Friday, February 06, 2009

What Would My Mom Think? Written by Jim K. CTI Volunteer Instructor

Written by Jim K. CTI Volunteer Instructor

This article was written by Jim when he first started volunteering in CTI.

Simon, [former supervisor in the Computer Learning Centre (CTI)], gives me my first briefing on computer training at the Drop-In. He warns me that the backgrounds of the clients will be all over the map. We’ll have folks finding their way around the keyboard for the first time sitting next to one-time programmers dusting off partly forgotten skills. Some will be young and some old enough that they completed school without ever seeing a computer. We’ll talk to men and to women. Attitudes to computers will range from cyberphobia to my own like-hate dichotomy.

During the Depression my Mom taught in a one-room school at an out-of-the-way spot on the prairie a hundred kilometres from here. Her clients were farm kids of all ages from the surrounding district. Some of their families weren’t able to send them off with much of a meal for lunch or clothes that provided real protection from the winter cold spells.

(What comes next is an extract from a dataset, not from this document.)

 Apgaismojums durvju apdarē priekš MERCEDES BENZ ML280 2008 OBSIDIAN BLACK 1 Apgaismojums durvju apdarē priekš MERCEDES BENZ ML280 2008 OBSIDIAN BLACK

The teacher’s job was to pass on some book learning the kids could make use of in their daily lives. She also provided a lot of what they learned about the world beyond their horizon and their places in it.

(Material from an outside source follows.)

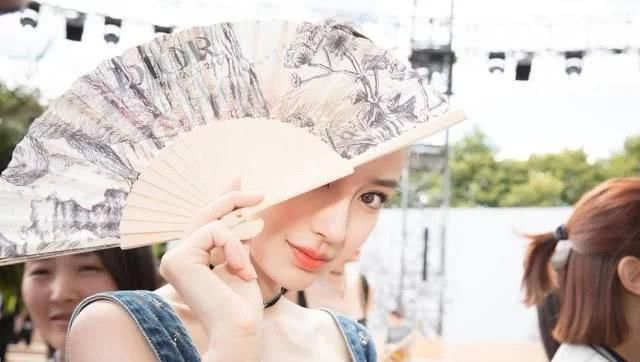  『看上去更加』Angelababy真漂亮！身穿牛仔刺绣长裙高挑纤细，看上去魅力十足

I’ve just parachuted into a one-room school in the eye of the economic storm that’s boomtime Alberta.

My first placement is in the Career Training Initiative. The CTI program is three intensive weeks of life skills workshops, computer training and earning industry certifications. Two afternoons each week are devoted to computer skills.

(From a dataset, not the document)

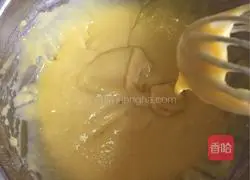 Illustration of how to make eight-inch chiffon cake 6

The 3 Rs of our computer curriculum are the Internet, word processing and spreadsheets. Twenty years of corporate cubicle time have given me enough exposure to these that I should be able to help out. I’ll work with Erika, [former CTI instructor].

The Internet is important because it’s the place to search for jobs and because email is vital for timely communication with prospective employers. On the first afternoon Erika walks through getting Yahoo [now gmail] mail accounts for those of us who don’t have them. After that, we compose some emails and send a blizzard of them to each other. I head home to practice my new skills.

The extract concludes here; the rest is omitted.